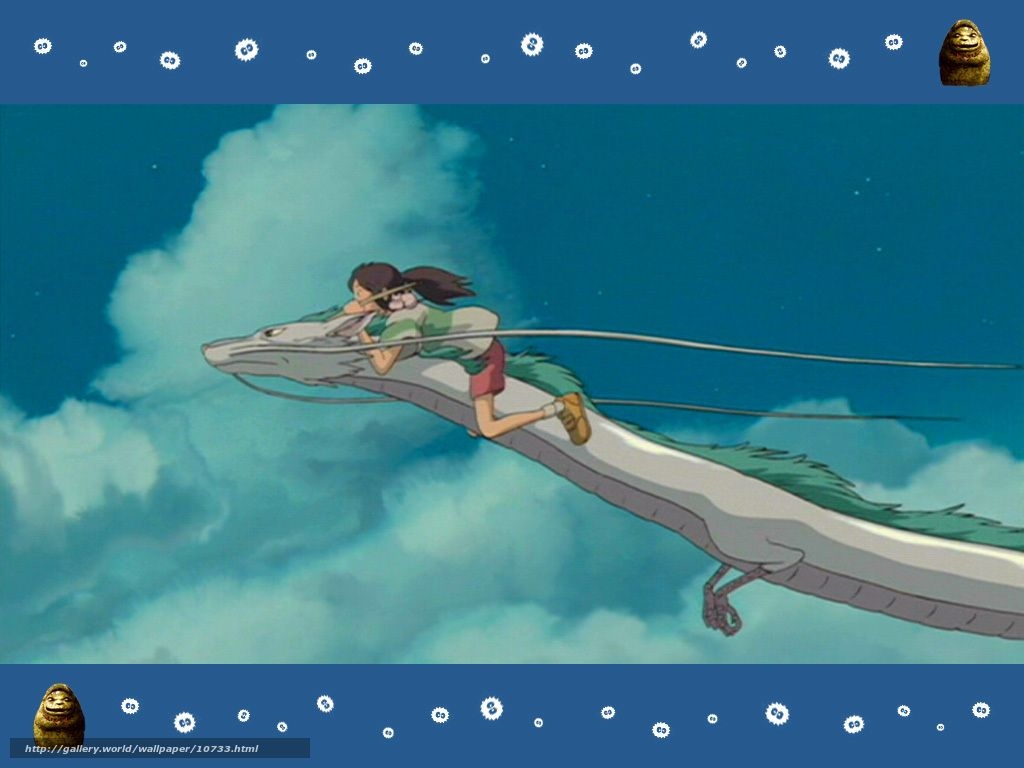 1030x770 Download wallpaper Spirited Away, Sen to Chihiro no kamikakushi, film, movies free desktop wallpaper in the resolution, Desktop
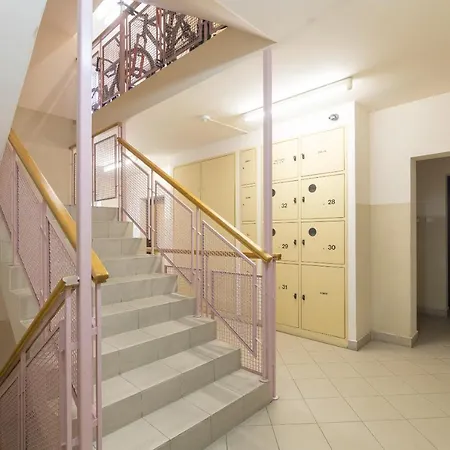 Apartman Nowosielecka Royal Baths Apartment Varsó
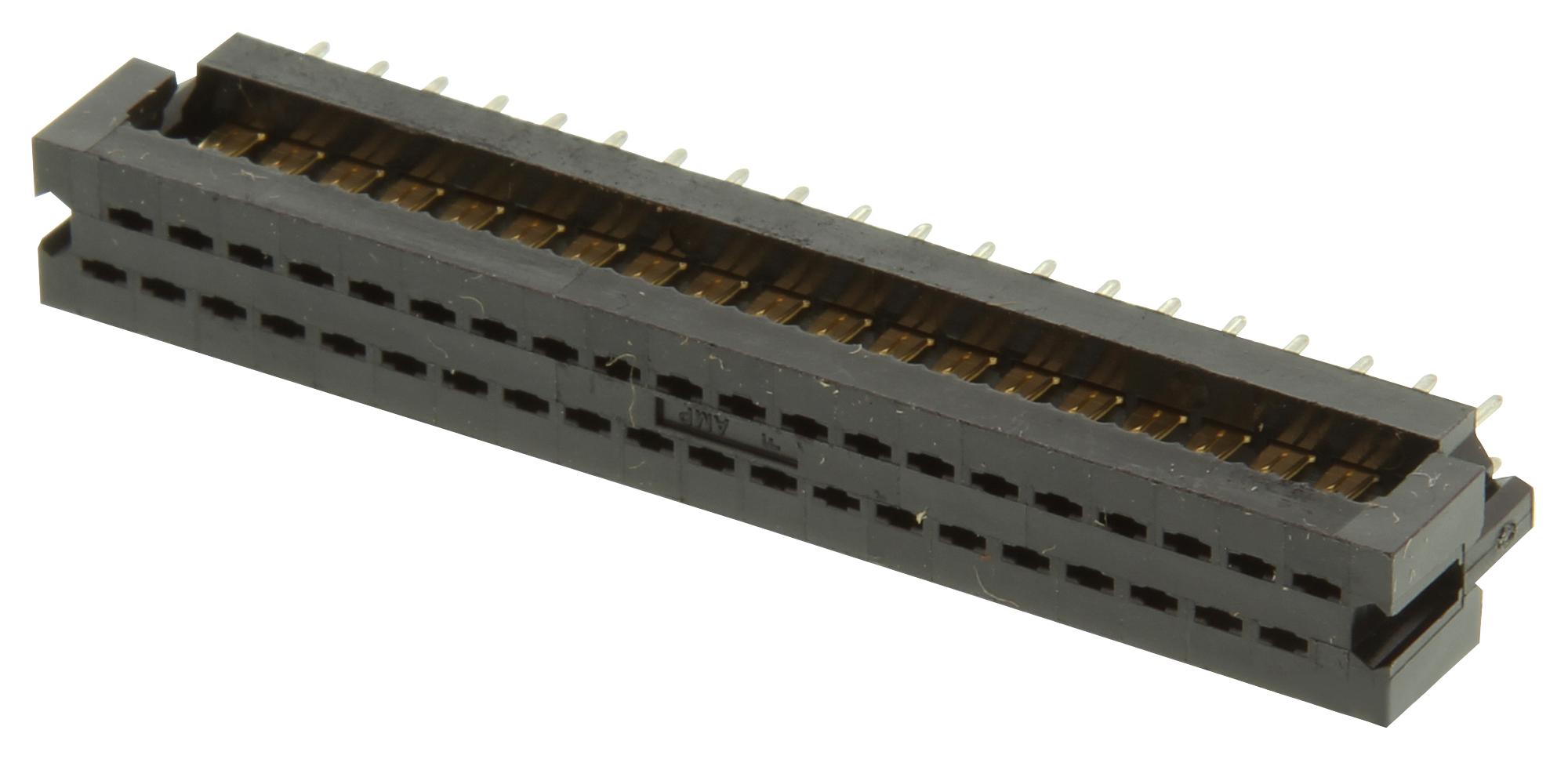 1-746610-9 CONNECTOR, HEADER, 40POS, 2ROW, 2.54MM AMP - TE CONNECTIVITY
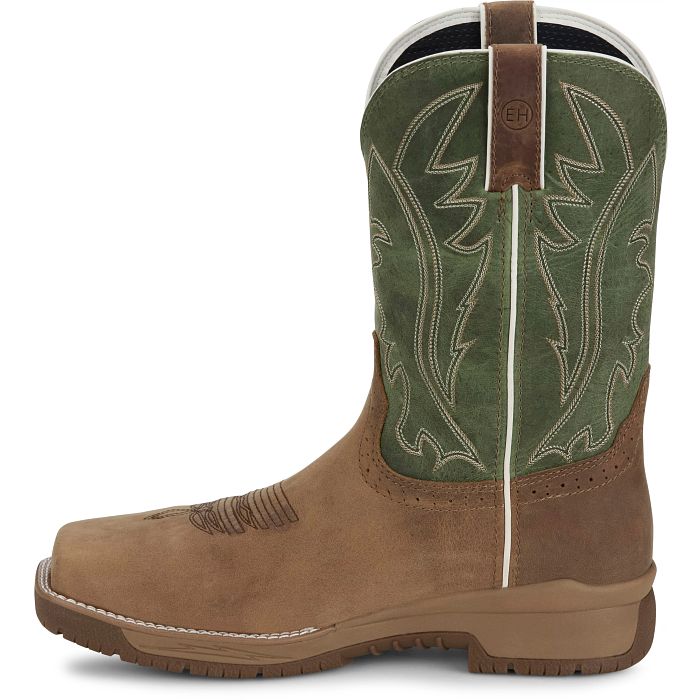 Justin CR3210 Nitread 11" Waterproof Nano Comp Toe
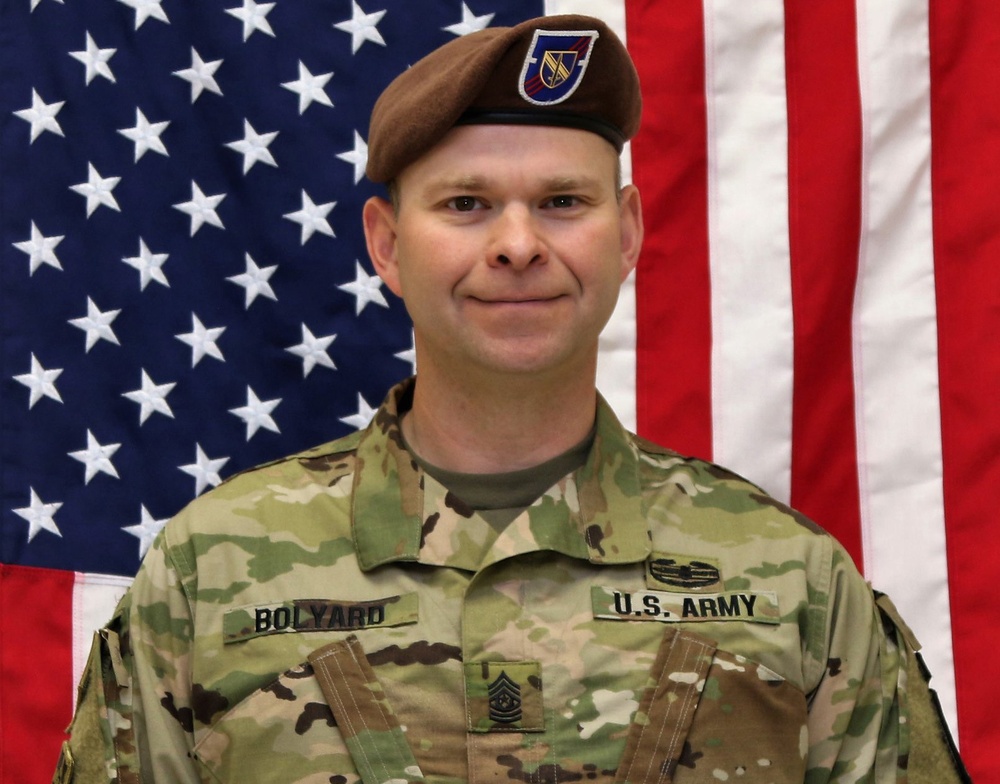 After tragic loss, SFAB unit keeps sergeant major in hearts, focus of mission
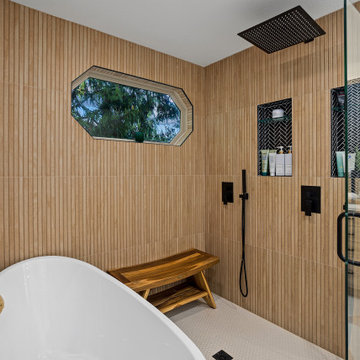 Master Bathroom Perfection With Nature Inspired Materials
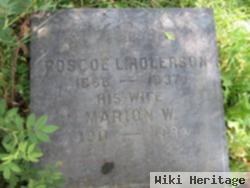 Roscoe Lewis Rolerson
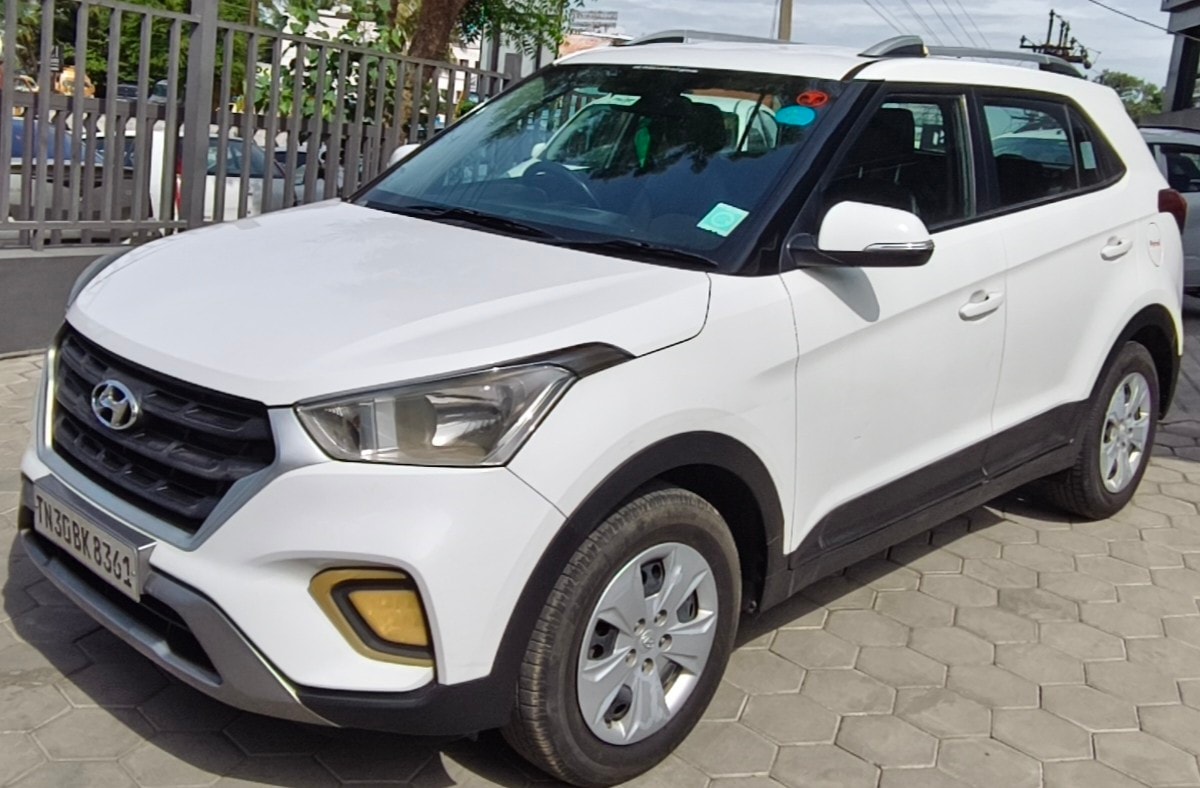 Used 2018 Hyundai Creta Used 2018 Hyundai Creta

________

Look above for the line containing "Roscoe Lewis Rolerson", then retype it and each line after it to the end of the records, exactly and without pictures.

• RESPONSE:
 Roscoe Lewis Rolerson
 Used 2018 Hyundai Creta Used 2018 Hyundai Creta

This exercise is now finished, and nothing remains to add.